Before you read on, i assume you have some understanding of what type-classes are; if not then i strongly recommend you understand that before proceeding so that it would be more productive for you.
Let us assume a fictitious problem where i wish to define some functions for a
“Closet” and i want to say retrieve items and store items (i.e. shoes, presents
etc) to this closet. A way to model this is to define a type-class (i call it Closet)
and a few functionalities that allows me to get, put and start a new closet
(naturally, my home does not allow me to inject a closet at will ☺, but that’s
immaterial for now):
class Closet closet where
newClosetIO :: a -> IO (closet a)
getClosetIO :: closet a -> IO a
putClosetIO :: closet a -> a -> IO ()
The next natural thing to do is to start putting in the implementations and i want this closet to be safe from concurrent access (if you ever had to fight over precious items with a sibling, you’ll know what i’m referring to) and here’s how i might implement it.
import Control.Concurrent.MVar
instance Closet MVar where
newClosetIO = newMVar
getClosetIO = readMVar
putClosetIO closet a = modifyMVar_ closet (return . const a)
You don’t have to worry about what MVars actually are, for now, and to speak of it
briefly of them is that they are synchronization primitives which allows the
programmer to sequence actions in a safe manner in an concurrent environment
(i.e. where multiple threads are executing). Read more about MVars.

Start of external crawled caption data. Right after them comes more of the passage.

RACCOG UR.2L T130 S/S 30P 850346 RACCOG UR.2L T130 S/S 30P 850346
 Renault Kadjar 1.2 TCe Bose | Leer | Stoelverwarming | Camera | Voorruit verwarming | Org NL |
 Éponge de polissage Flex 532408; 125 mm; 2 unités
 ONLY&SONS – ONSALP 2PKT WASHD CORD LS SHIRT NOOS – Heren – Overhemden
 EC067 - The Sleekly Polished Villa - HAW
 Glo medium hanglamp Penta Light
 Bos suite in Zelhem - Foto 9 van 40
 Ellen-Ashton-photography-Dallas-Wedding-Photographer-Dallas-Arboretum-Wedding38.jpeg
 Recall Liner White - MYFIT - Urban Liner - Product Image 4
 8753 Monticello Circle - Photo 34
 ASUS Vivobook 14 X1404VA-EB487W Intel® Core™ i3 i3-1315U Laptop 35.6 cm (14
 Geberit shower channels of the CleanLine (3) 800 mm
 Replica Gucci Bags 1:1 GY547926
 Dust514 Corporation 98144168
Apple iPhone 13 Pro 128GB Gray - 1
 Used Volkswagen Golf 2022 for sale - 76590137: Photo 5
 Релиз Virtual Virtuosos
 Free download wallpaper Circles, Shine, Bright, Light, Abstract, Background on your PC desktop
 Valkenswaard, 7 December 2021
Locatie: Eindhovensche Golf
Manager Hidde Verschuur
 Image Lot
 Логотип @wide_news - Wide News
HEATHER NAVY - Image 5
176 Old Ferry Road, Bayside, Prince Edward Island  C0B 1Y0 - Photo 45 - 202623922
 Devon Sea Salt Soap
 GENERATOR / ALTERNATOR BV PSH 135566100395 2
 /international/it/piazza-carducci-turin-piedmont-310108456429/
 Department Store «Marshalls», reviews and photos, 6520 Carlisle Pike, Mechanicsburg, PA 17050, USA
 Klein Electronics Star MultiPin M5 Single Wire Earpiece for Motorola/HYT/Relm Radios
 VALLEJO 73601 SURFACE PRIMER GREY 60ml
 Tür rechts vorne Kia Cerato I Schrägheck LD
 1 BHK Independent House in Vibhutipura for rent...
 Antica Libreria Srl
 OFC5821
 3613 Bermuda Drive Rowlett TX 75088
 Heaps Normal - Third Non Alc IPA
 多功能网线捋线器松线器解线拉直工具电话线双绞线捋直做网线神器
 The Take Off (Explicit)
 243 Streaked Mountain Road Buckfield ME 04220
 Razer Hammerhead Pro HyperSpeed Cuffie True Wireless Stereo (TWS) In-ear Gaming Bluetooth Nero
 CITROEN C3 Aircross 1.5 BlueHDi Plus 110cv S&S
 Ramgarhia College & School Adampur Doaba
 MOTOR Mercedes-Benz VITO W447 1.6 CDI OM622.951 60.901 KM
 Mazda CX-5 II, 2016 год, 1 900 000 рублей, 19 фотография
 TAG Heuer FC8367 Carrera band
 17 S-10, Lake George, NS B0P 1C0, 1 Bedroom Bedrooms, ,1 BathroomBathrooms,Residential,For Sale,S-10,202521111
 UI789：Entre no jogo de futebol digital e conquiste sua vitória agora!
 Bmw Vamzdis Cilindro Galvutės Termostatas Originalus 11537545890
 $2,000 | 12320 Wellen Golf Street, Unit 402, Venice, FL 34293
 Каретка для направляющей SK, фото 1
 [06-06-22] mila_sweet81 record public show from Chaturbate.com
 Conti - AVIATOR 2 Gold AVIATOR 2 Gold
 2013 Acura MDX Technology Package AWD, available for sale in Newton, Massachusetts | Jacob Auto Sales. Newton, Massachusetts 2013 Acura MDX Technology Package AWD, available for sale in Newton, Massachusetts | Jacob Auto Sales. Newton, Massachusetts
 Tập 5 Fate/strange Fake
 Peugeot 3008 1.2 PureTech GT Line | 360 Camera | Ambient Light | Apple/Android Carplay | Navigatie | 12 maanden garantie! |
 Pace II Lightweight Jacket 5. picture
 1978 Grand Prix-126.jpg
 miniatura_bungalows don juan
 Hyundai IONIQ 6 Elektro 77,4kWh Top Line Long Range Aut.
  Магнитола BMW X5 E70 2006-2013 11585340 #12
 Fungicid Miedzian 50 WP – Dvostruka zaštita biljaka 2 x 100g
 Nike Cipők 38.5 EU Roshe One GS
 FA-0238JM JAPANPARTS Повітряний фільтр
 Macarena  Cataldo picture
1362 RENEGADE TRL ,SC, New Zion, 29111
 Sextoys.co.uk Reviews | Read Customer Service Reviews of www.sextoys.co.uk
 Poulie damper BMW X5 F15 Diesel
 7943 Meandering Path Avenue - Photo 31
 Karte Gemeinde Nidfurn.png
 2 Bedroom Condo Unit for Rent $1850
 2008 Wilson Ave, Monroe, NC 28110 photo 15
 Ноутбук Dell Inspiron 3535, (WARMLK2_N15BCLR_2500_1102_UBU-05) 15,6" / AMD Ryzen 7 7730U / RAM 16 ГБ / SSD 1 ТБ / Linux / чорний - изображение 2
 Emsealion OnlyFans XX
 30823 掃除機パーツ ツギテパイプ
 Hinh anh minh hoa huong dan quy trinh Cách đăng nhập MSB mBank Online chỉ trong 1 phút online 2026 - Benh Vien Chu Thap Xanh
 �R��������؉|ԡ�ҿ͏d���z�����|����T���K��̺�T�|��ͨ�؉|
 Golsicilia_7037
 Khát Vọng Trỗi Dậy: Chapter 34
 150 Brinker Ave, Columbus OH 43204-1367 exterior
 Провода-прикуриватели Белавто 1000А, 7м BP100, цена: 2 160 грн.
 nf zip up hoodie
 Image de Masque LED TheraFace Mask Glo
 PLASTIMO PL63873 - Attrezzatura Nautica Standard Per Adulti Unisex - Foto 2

Next, let’s look at how this can be applied when i wish to store presents into
this closet & the algorithm in the function storeCloset leverages the functions
in the Closet type-class.
import Control.Monad (forM_)
-- i like to know who gave me the presents and what kind of present it is.
data Present = Present { donorName :: String, presentName :: String } deriving Show
storeCloset :: Closet closet => [Present] -> IO (closet [Present])
storeCloset xs = do
closet <- newClosetIO []
forM_ xs $ \x -> do
old <- getClosetIO closet
putClosetIO closet (x : old)
return closet
-- 'main' is the entrypoint to any haskell program, fyi.
main :: IO ()
main = do
let presents = [ Present{ donorName = "Tim" , presentName = "Toaster" },
Present{ donorName = "Tim" , presentName = "Ironing Board" },
Present{ donorName = "John", presentName = "Vase" }]
ys <- (storeCloset presents) :: IO (MVar [Present])
_ys <- readMVar ys
putStrLn . show $ _ys
return ()
This demonstrates that the program works fine and i am able to store and retrieve all the presents in the closet without troubles; the part where i have to help the haskell compiler is to hint to it which instance of the type-class did i wish to use.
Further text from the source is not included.